元々柔道部だったのに、他校の生徒と揉めごとを起こして退部になった。キレると女子にでも暴力を振るう狂犬だ。
クスクス笑いが周囲から洩れる。
心のなかで黒い糸が放射状に広がった。
たしかに俺は孤立していたが、こんな風にイジメを受けた経験はない。
それだけに呆然となる。
皆、乱暴者の蜂矢が怖くて追従しているだけだろう。それはわかる。でも、なんだか世界から存在を否定された気分だった。
(なにか迷惑かけたかよ、俺が?)
相沢の肩にきゅっと爪を立てる。
俺は高校受験に失敗したショックから、クラスメイトとの交流を怠った。
それは失敗だったと反省している。大人げない態度だった。
でも、それから邪魔にならないように息を潜めていたじゃないか。
天井の暗がりに張りつくクモのように。
教えてほしい。今どう反応するのが正常なのか。
泣けばいいのか、怒ればいいのか、笑い飛ばせばいいのか。こんなの参考書に載っていない。
載せろよ、どうすべきなのか。一ページ目に書いておけっ。
心臓に石を乗せられたように苦しい。
そのとき、涼やかな風をまとわせて、相沢がすっと席に近づいた。
(あっ)
ひとりの異星人をのぞき、時が止まったように誰も動かない。
白く細い指が机に伸びる。
すっと花瓶が持ち上げられた。
まるで魔法だった。
嘘みたいに心の重みが消える。
思わず彼女の横顔をみた。
窓からの日差しで後光が差してみえた。
相沢が、廊下側の棚の上に花瓶を片づけたとき予鈴が響いた。
そのとたん魔法が解けたようにざわめきが伝播する。
チャイムが鳴り止んでも、教室はさざめいていた。
「おう相沢。なんか、いいたいことでもあんのかよ」
いらだちをにじませた蜂矢の声。
だが相沢は無言のまま『まわれ右』すると、大股で教室をでていった。
※
廊下にでた相沢が一気にスピードを上げた。校則を無視し、階段を一段飛ばしで駆け下りる。おおきく揺れる上半身。肩につかまる南雲にとっては大地震だ。
『ちょ、待てって! 落ち着けっ。どうしたんだよ』
だが相沢は止まらない。ついには校門を抜け、道路に飛びだした。信号にも引っかからず走り続ける。筋肉を躍動させ、東へ、東へ。
やがて河川敷の堤防がみえてきた。
相沢はためらわず、急斜度のついたコンクリートの法面を駆け下りていく。
そこで、つまずいた。
『うひゃああああ!』
俺は中空に投げだされる。
風が冷たい。まるでスカイダイビング。たかだか高さ一六〇センチメートルが高層ビルくらいの高さに思える。

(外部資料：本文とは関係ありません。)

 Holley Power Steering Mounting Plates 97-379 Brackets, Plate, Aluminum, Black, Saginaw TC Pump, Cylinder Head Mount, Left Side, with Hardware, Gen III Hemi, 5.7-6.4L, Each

だが体重が軽いせいか落下スピードは遅い。八本の足でしっかり着地できた。
一方――。
土煙を巻き上げて、ズシャアッと、相沢が河原にヘッドスライディングした。
みるからに痛そうだ。うつぶせになったまま死んだように動かない。
『お、おい。大丈夫か?』
返事なし。
『け、怪我して返事できないのか?』
「……大丈夫です。なんとか」
意識はあるみたいだ。ほっとする。
身体を起こした相沢が、パンパンとスカートの汚れを払う。
彼女のおかげで救われた。お礼をいわなくてはならない。
だが、ひねくれ者の口からこぼれたのは、正反対の言葉だった。
『やめろよ、ああいうの。皆が引くだろ』
相沢が表情をやわらげた。
「悪目立ちしちゃいましたか?」
『嫌ってくらいな。せっかく人気者になったのに元の木阿弥だ』
彼女が長いまつげを伏せた。
「ごめんなさい。でも、わたしは嘘が嫌いです。死にまつわる嘘は特に」
(違うっ。違うんだ)
こんな風に責めたかったわけじゃない。
いつもこうだった。他人の感情とうまく向き合えず、腹を割って話すこともせず、いつも顔を伏せてやり過ごす。これじゃ死んでいるも同然だ。
なんだ、と思って自嘲する。
『あいつらは正しいよ。俺は死んでるんだ。この高校に入ったときから』
「どういうことですか?」
『自分で勝手に境界線を作って……』
といいかけてやめる。
こんな上っ面の言葉では表現できない。
相沢の行動に報いるには、飾り立てた言葉なんてゴミ箱にポイだ。
もっと嘘のない言葉を――。
考え抜いた末にでてきた言葉は、とても陳腐なものだった。
『俺さ、ちいさい頃、ヒーローになりたかったんだ』
口にするとまざまざと思いだす。
七夕の短冊の幅に収まらないくらいの夢。
まとまりがなくてもいい。ただ嘘が混入しないように心がける。
『相沢はフィクションを読まないから知らないだろうけど。ヒーローはよく絶体絶命のシチュエーションに陥る。そこでいうんだ。九九パーセント不可能でも、一パーセントでも可能性があれば俺は立ち上がる、って』
相沢は口を挟まずに聞いていた。
『でもさ、ヒーローになんてなれないことは成長すればわかる。そんなの現実にはいない。だから代わりに勉強に励んだ。自分にできることをって。順調に成績は上昇。そして、模試の結果、志望校の合格率が九〇パーセントを超えた』
小太りの塾長も太鼓判を押してくれた。
『でも落ちた』
高い勝率にもかかわらずヒーローに打ち負かされる悪党。その姿が我が身と重なった。
納得できなかった。
だから入学した当初、クラスメイトとの交流を拒否した。シェルターに閉じこもらないと自我が崩壊しそうだったのだ。
本当に拒否したかったのは学友じゃない。
自分自身だった。
ヒーローにはなれなくても、自分なりの人生を受け入れる。その心づもりができた頃、クラスメイトとの溝は、修復が不可能なレベルに陥っていた。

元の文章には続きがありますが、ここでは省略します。